Nothing like family for holidays, laughter

Published 12:31 am Saturday, November 26, 2016

The telephone woke me up Wednesday morning, but it was minutes later when I hung up that a noise in another part of the house made my eyes open wide. Laughter bubbled from the living room. I tiptoed to the door and watched my two little great-granddaughters giggling and bouncing up and down on the air mattress where they had slept. Children’s voices and laughter—oh, how sweet! It had been some time since there were any children in my house. They live out of state and I rarely get to see them.

As soon as my visiting granddaughter got word from her cousin, the girls’ dad, that they would arrive Tuesday afternoon, my son, my daughter, and my son-in-law, and I, got excited. We speculated about what time they would arrive. We wondered how much the girls had grown since we saw them last. We wondered how school was going for them. Now and then, someone looked out the big picture window, trying not to let the others know he or she was looking for a vehicle with an out of state tag pull in the driveway.

I had settled into my recliner for a short nap when a tap sounded at the door. I think we all tried to reach it at once. There they were—my muscular, red-bearded grandson and his beautiful smiling seven-year-old Erica and equally as pretty 11-year-old Anna with dark brown eyes. Hugs were exchanged over and over again.

Anna brought out a book and a giant sized box of crayons. The book contained their drawings and colored pictures. Soon Erica chose a crayon and went to work. Later, as their granddaddy flashed pictures of movies and television shows on the TV screen, they identified ones they had seen and finally agreed on a choice to watch. After that, sunshine lured them to the back yard for a jump roping session. They lasted much longer than I ever did when I jumped rope. Maybe it was because they take dancing lessons, which I never did.
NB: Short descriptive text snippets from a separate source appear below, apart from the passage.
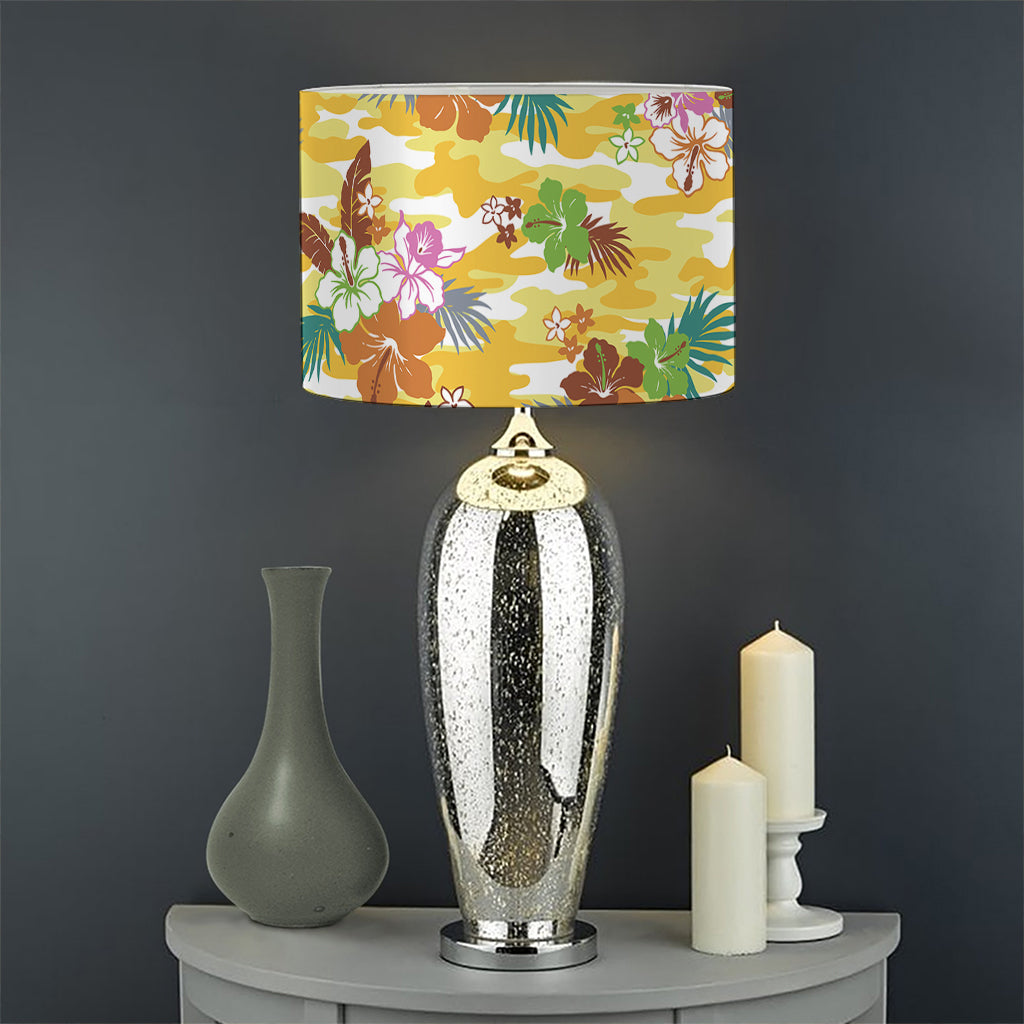 Yellow Camo And Hibiscus Flower Print Drum Lamp Shade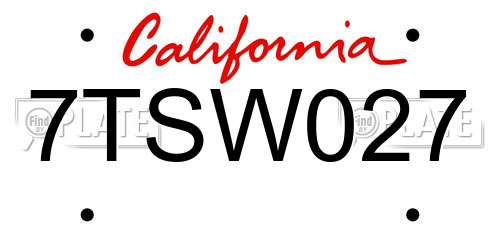 7TSW027 California License Plate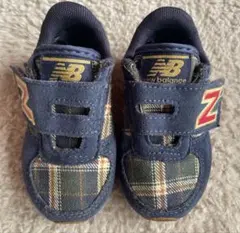 new balance KV220 ネイビー チェック スニーカー 12cm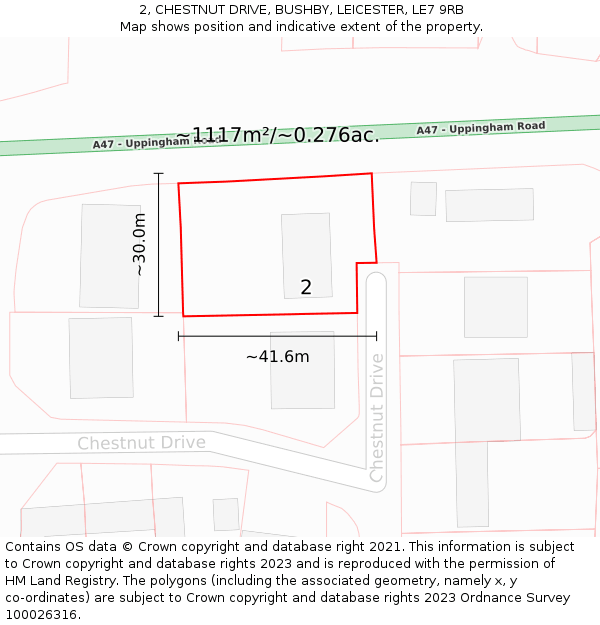 2, CHESTNUT DRIVE, BUSHBY, LEICESTER, LE7 9RB: Plot and title map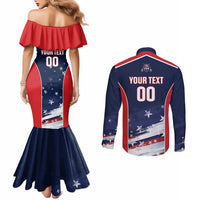 Custom USA Cricket Couples Matching Mermaid Dress and Long Sleeve Button Shirt US Team Play Bold Play Proud - Wonder Print Shop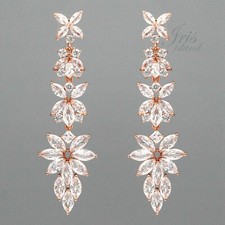 ROSE GOLD Plated Cubic Zirconia CZ Wedding Bridal Drop Dangle Earrings Flower 84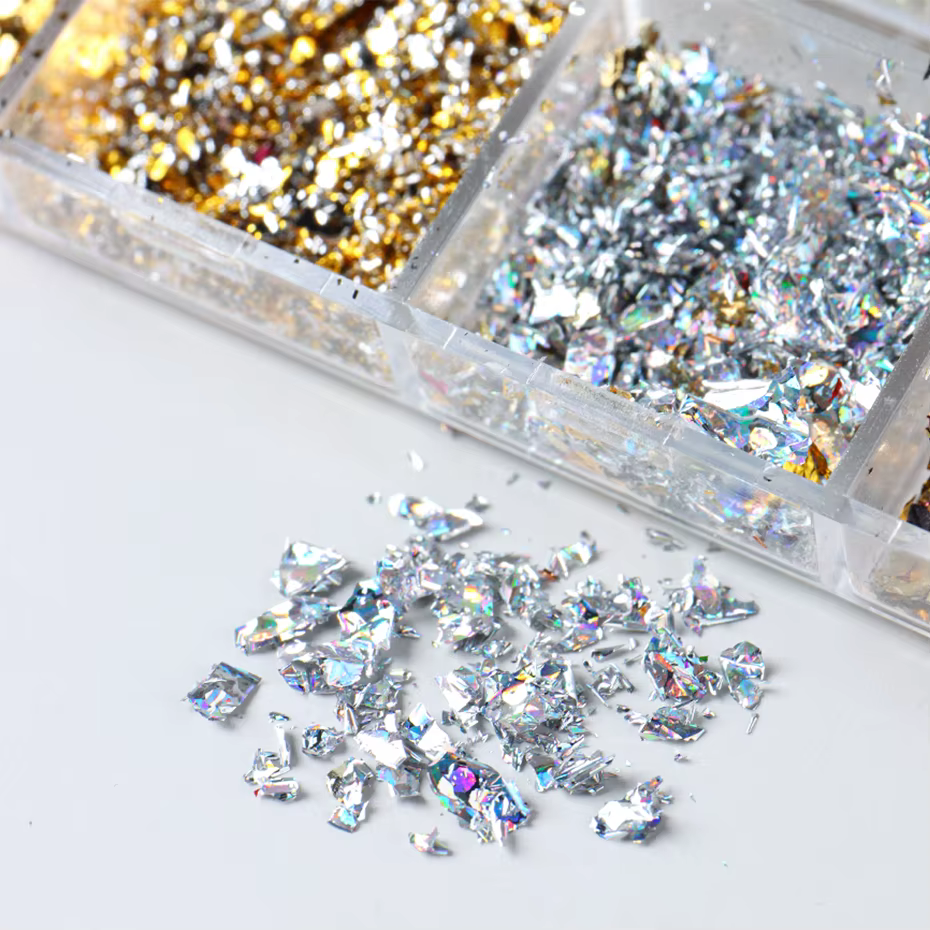 Feuilles d'or pour ongles magnifiques, 12 couleurs, paillettes aléatoires, flocons d'aluminium, puce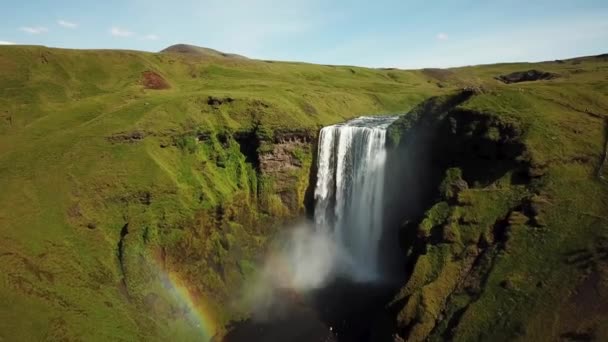 Luchtfoto Drone Beelden Van Skogafoss Waterval Met Een Regenboog Het — Stockvideo
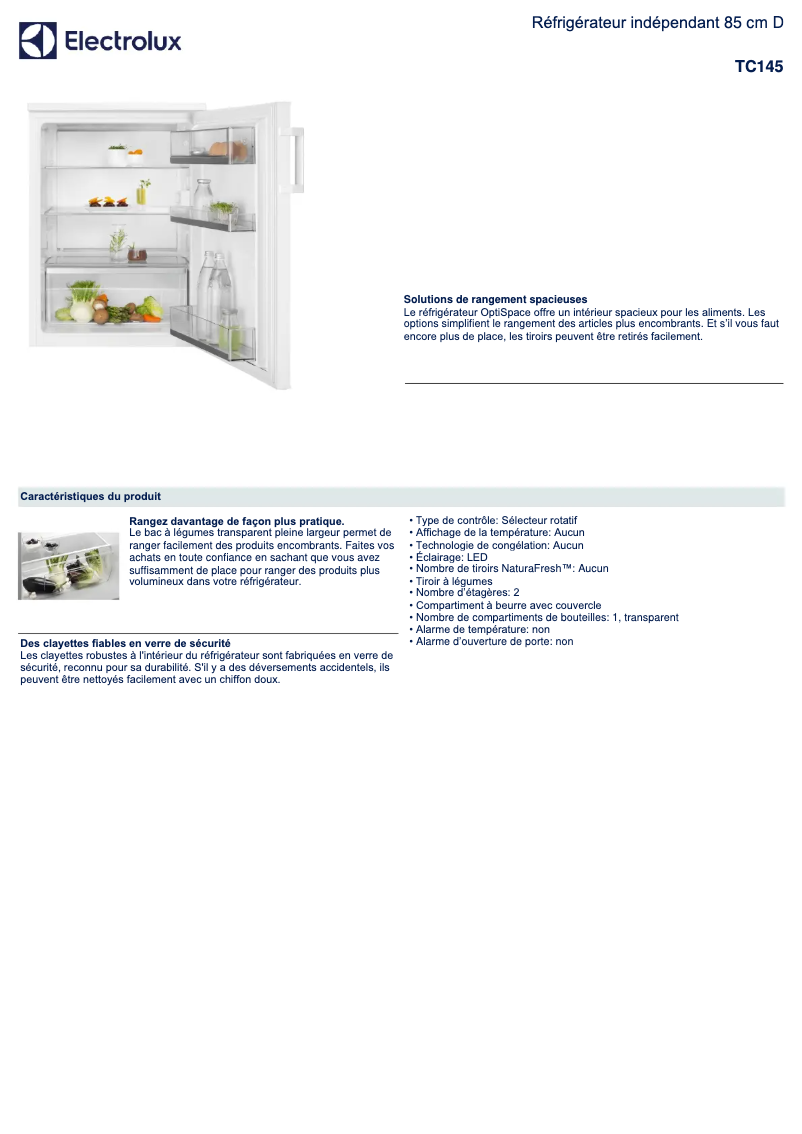 Page n°1 - Fiche technique Electrolux TC145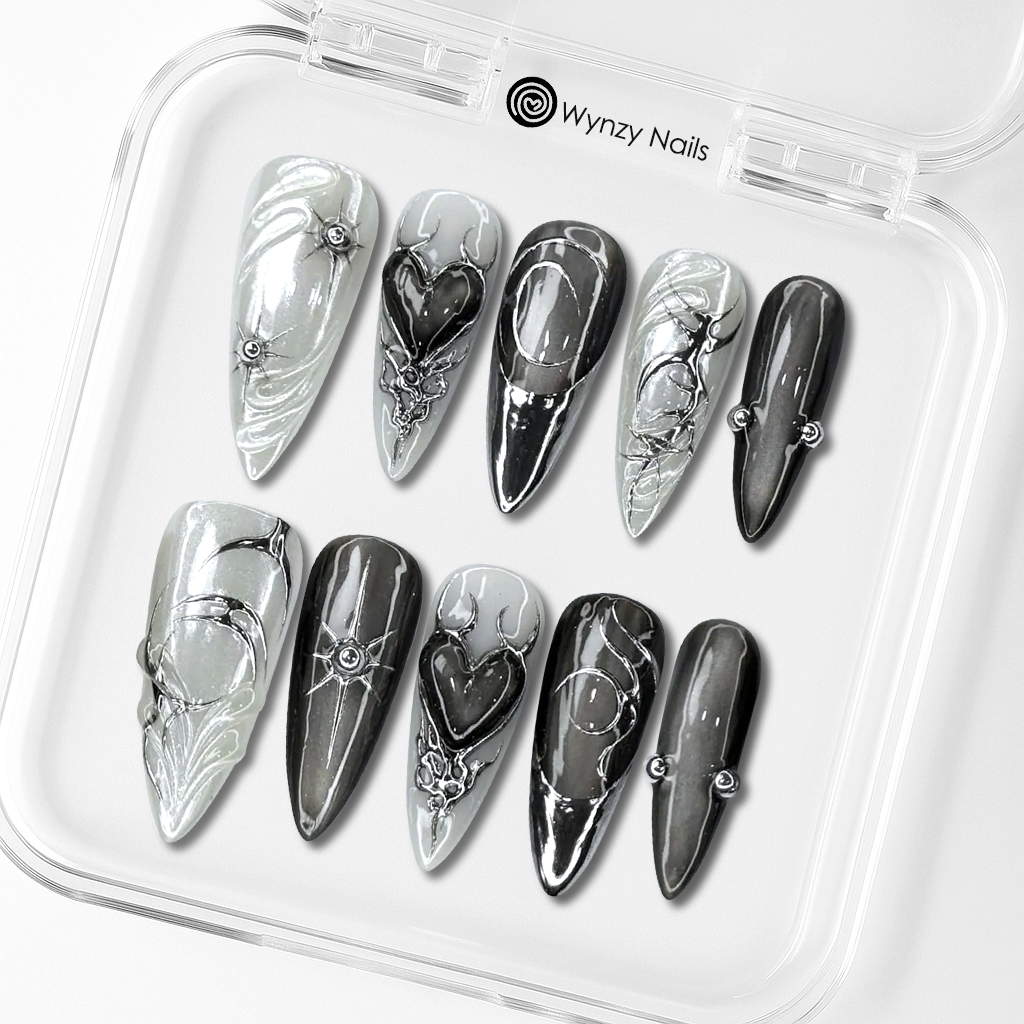 Custom Gothic Chrome Press-On Nails – 3D Hearts & Rhinestones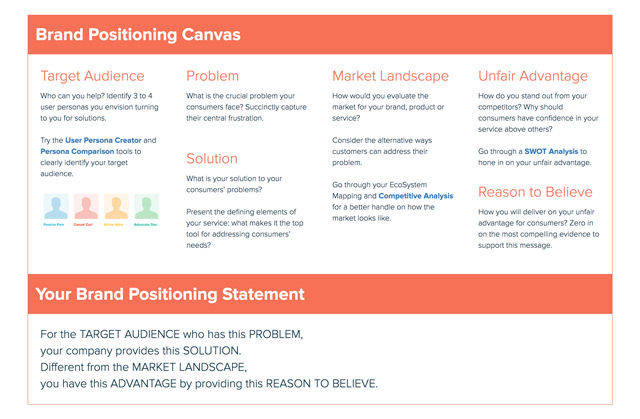 Brand Positioning Canvas Template And Examples Xtensio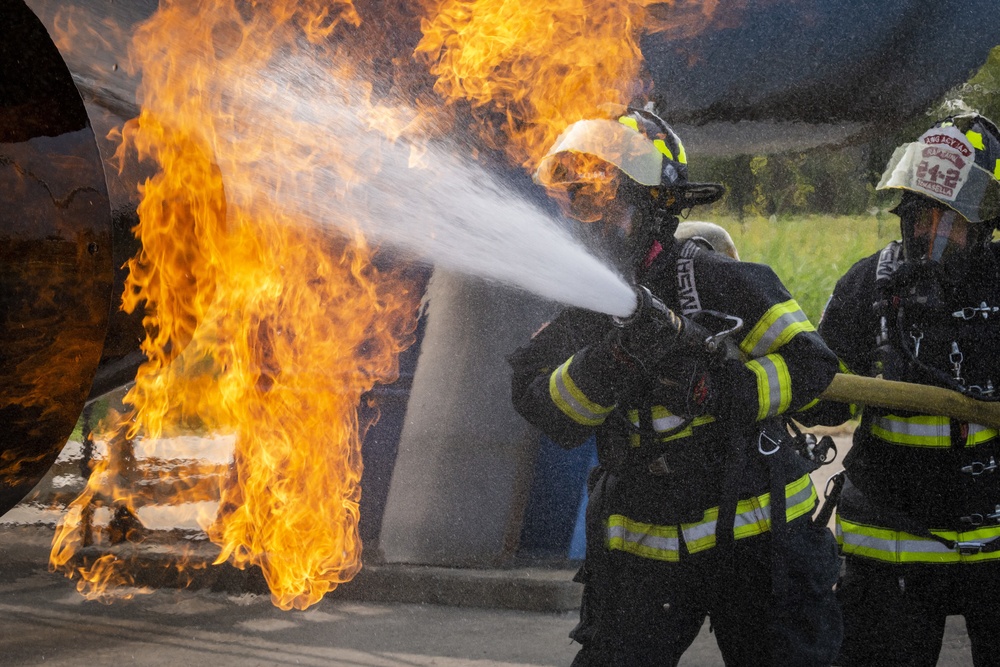 177th firefighters conduct aircraft fire training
They were practicing tumbling when Erica somehow slipped and bumped her head on the concrete sidewalk. It raised a knot on her head. After she held an ice pack on it for a few minutes, her tears disappeared. Showers of hugs and soothing words from the sympathetic kin probably helped a little, too.

Sometime that evening I listened to my grandson and granddaughter tell stories about some of their antics when they were youngsters. We almost folded up laughing as they related those experiences. Even the girls chimed in with their stories. Again, laughter filled the room.

Before the girls and their dad drove away, everyone gathered in the front yard to make pictures, despite all the picture taking that had already occurred inside. Next, there were hugs again, all around. There is nothing like a family holiday gathering to spark memories and inspire lots of laughter. For this, I am both blessed and thankful.


Nina Keenam is retired from the newspaper business. Her column appears on Saturdays.